MY TAKE
My Take
by

Drama at the University of Hong Kong makes for good entertainment

PUBLISHED : Monday, 14 December, 2015, 1:42am
UPDATED : Friday, 04 March, 2016, 2:59pm

Academia rarely provides so much entertaining news. But then, it's the University of Hong Kong, our oldest tertiary institution, and it never disappoints. So it's been amusing to watch the tit-for-tat between our two most famous professors of the moment, though probably famed for all the wrong reasons: Professor Johannes Chan Man-mun and Professor Arthur Li Kwok-cheung. The latest has Chan, a former HKU law dean, denouncing Li as unsuitable to lead the university's governing council, though Chief Executive Leung Chun-ying has yet to announce an appointment.

Chan is probably right about Li, a former education minister and current Executive Council member. But Chan is not any more suitable to be the pro-vice-chancellor in charge of research funding and academic personnel, a post for which he was rejected by council members including Li.
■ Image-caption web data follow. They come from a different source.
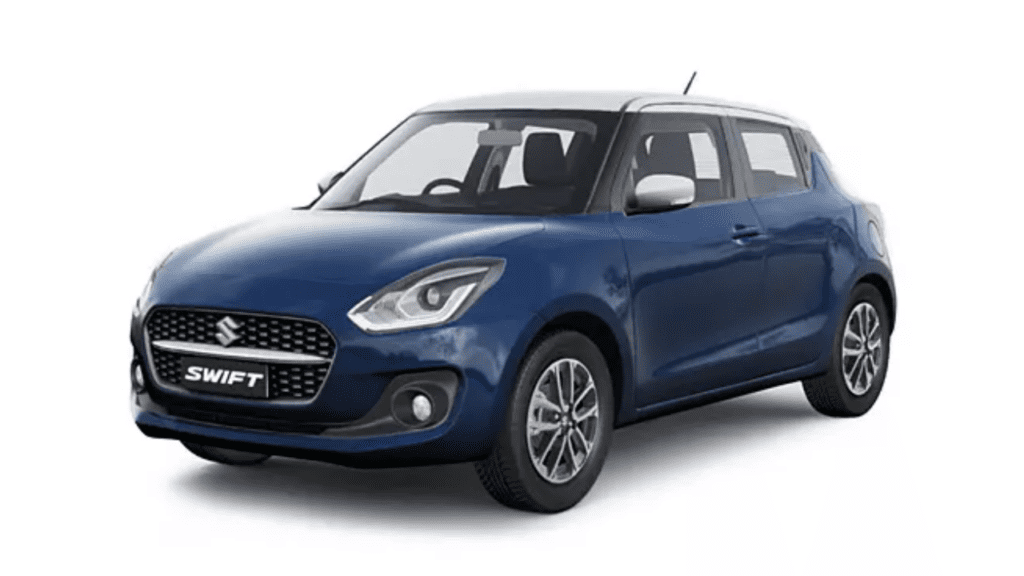 Maruti Swift 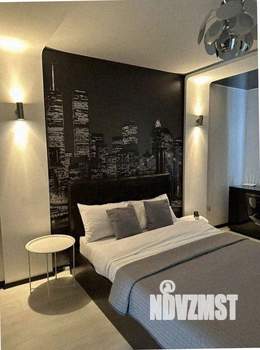 1-к квартира, на длительный срок, 49м2, 3/5 этаж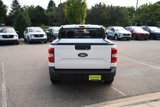 New 2025 Ford Maverick XL image 5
With Li, it's pure, naked aggression. Chan, by contrast, is the passive-aggressive type. When Li sets a goal, he pursues it with a full-frontal, take-no-prisoners assault. So it was the case when more than a decade ago, he tried to forcibly merge the Institute of Education with the Chinese University of Hong Kong, of which he was once vice-chancellor. As education chief, he tried to reform the English Schools Foundation by freezing its funding levels. He was, in a sense, too successful, so much so that the ESF has been forced into a divorce with the government and is becoming a full-fledged chain of international schools once public subsidies are phased out.

It's really Li's aggressive style that turns off a lot of academics, who prefer to keep polite society, and play vicious interdepartmental politics while patting each others' backs. Despite the regular pan-democratic denouncements against Li as Leung's man, Li is not an ideologue.

Chan, however, is far more ideological. He supported his law colleague Benny Tai Yiu-ting's Occupy Central campaign last year, regardless of its consequences while posing as a moderate democrat.

His passive-aggressive personality came to the fore when he said he didn't want the HKU job but did everything to provoke students and supporters to fight on his behalf, including the students' storming and detention of council members in July.

Chan and Li are not particularly good leaders. But they probably have a useful role to play at HKU.